LE COLLECTIVISTE. — Sans doute, il faudra bien, dans l’usine ou sur le chantier, une discipline du travail ; mais alors, ce que vous oubliez, l’ouvrier ne peinera plus pour un maître étranger ; s’il ne travaille pas, uniquement, pour lui-même, il ne travaillera que pour la communauté. Plus de capitalistes, plus de parasites pour lui enlever la meilleure part du produit de son labeur ; il sera sûr de toucher, intégralement, le fruit de son travail.
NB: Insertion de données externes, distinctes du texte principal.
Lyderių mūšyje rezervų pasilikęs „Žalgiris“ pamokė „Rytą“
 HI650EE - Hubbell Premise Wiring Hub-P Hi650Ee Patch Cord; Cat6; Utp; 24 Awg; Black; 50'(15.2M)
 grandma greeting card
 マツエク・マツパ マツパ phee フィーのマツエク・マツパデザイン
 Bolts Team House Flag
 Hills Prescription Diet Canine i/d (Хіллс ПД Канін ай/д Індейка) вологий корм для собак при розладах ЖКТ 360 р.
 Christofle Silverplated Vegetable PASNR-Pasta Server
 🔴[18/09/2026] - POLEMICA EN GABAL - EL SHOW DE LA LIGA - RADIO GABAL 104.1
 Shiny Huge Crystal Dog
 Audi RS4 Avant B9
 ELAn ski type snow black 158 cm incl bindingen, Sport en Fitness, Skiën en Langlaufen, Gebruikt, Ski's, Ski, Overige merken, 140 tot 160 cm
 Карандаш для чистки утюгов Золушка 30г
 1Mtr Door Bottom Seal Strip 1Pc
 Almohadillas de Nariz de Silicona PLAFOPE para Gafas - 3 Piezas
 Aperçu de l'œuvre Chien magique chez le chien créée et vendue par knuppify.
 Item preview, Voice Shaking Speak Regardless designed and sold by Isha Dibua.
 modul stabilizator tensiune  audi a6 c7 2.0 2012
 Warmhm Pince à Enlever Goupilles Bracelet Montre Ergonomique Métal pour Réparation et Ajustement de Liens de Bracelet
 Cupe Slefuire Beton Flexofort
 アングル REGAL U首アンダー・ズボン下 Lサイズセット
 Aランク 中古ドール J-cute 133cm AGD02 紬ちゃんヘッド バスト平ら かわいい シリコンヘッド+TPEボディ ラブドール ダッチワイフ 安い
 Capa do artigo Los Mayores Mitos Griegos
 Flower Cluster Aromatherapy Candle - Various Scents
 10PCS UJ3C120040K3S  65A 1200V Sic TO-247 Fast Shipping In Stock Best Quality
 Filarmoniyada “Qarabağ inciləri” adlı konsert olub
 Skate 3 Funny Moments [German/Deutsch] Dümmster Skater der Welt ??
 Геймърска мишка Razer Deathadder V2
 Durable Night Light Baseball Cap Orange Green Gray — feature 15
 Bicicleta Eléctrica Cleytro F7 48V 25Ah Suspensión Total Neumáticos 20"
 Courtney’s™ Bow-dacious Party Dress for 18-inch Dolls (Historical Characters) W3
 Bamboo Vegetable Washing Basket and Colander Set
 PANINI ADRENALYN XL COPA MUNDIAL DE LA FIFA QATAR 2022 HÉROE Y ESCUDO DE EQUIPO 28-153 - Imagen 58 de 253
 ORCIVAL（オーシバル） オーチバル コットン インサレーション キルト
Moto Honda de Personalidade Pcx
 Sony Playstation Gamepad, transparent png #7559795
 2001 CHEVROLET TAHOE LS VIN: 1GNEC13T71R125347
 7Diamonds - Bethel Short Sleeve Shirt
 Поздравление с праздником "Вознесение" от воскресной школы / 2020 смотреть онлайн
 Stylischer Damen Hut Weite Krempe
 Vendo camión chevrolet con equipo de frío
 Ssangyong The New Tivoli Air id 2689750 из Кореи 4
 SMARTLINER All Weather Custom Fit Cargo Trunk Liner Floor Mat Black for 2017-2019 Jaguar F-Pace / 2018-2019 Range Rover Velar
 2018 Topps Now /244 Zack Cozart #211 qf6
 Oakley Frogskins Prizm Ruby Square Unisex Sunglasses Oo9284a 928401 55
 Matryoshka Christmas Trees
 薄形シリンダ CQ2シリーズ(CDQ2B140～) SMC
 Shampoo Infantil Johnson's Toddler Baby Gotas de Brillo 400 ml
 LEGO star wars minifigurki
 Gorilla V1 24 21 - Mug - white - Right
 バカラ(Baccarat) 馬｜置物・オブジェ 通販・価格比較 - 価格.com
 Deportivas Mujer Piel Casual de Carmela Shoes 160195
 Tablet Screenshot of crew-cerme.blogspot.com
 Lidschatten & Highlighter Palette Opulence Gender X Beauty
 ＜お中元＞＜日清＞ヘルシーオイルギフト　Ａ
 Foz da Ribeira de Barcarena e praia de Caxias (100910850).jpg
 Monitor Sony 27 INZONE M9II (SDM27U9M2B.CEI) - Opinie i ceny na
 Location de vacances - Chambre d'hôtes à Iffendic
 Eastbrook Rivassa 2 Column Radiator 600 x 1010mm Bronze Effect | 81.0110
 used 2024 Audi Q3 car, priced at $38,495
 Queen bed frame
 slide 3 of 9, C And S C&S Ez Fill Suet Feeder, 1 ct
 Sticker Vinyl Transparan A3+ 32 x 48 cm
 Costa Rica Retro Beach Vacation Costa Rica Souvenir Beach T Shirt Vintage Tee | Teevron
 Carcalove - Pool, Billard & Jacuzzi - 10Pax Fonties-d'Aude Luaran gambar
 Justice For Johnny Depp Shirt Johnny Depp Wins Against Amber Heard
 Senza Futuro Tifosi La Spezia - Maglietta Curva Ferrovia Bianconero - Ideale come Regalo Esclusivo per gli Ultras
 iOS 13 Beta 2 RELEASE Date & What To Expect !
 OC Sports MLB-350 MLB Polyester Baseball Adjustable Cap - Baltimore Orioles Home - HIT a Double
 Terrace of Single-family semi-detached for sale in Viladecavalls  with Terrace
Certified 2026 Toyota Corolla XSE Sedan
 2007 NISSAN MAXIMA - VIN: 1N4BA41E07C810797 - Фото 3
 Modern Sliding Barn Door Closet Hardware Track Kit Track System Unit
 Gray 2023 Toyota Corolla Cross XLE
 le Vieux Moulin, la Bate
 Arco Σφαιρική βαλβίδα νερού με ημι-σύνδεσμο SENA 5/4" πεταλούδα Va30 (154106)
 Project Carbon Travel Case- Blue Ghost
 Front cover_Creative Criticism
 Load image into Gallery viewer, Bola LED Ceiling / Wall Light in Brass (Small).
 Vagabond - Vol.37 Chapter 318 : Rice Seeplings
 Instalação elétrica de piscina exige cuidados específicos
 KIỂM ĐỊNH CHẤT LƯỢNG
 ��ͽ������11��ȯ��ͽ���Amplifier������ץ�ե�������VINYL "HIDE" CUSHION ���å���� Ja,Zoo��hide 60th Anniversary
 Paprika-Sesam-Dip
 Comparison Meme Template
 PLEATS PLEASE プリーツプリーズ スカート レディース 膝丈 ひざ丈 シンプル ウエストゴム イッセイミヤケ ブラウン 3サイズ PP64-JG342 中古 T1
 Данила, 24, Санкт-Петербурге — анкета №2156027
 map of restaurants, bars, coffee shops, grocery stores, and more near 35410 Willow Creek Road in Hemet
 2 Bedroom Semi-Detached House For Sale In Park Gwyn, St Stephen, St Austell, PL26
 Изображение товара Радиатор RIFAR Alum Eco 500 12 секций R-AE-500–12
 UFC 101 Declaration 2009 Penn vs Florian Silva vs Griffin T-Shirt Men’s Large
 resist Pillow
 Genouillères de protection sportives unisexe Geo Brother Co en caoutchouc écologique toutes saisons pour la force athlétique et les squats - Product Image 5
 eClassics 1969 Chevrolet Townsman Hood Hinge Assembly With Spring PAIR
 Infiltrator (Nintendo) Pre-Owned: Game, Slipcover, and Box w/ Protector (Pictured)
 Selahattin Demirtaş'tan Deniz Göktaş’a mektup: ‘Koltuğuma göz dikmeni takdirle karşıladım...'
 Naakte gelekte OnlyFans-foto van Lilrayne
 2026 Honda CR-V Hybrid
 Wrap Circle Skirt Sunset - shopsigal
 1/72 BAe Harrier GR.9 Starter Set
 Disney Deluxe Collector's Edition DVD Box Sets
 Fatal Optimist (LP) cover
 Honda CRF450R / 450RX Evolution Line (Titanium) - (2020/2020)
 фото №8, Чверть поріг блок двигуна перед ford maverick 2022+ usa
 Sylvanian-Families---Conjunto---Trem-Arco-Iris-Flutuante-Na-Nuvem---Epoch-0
L’ANARCHISTE. — Encore une illusion. Pour que l’ouvrier perçût, intégralement, la valeur de son travail, il faudrait qu’il n’eût à entretenir ni gouvernement ni État. Cela ne se peut qu’avec l’anarchie. Comment serait-ce possible dans une république collectiviste qui aura toute une armée d’administrateurs, d’inspecteurs, de surveillans, toutes gens ne pouvant vivre que sur le travail et sur la sueur de l’ouvrier ? Autant de parasites qui dévoreront la communauté ; et ils risquent fort, ces parasites, d’être autrement nombreux qu’aujourd’hui, car les administrations et les services d’une république collectiviste seraient singulièrement plus compliqués que ceux des États modernes. Pour une fonction que vous supprimeriez, vous seriez obligés d’en créer trois nouvelles. Puis, vous comptez bien mettre les enfans, les vieillards, les infirmes, les femmes peut-être, à la charge de la communauté, et avec quoi subviendrez-vous aux besoins des nourriceries, des écoles, des hospices, des maternités, des maisons de retraite des invalides du travail ? Calculez que de millions de têtes à nourrir aux dépens des ouvriers actifs. Comment donc voulez-vous que l’ouvrier touche le montant intégral de son travail ? Loin d’accroître sa part, le prélèvement personnel du travailleur serait moindre qu’aujourd’hui. La grande différence, c’est que le surplus serait encaissé, au nom de l’Etat, sous forme d’impôt sur les salaires, ou de retenue sur les heures de travail.

LE COLLECTIVISTE. — Quand l’ouvrier ne pourrait recevoir la valeur intégrale de son travail, il aurait, toujours, l’avantage de ne travailler que pour la collectivité, et non plus pour un patron ou pour un exploiteur bourgeois. Tous pour chacun, chacun pour tous, c’est la devise du collectivisme. Plus de distinction entre maître et ouvrier, plus d’autre patron que la collectivité.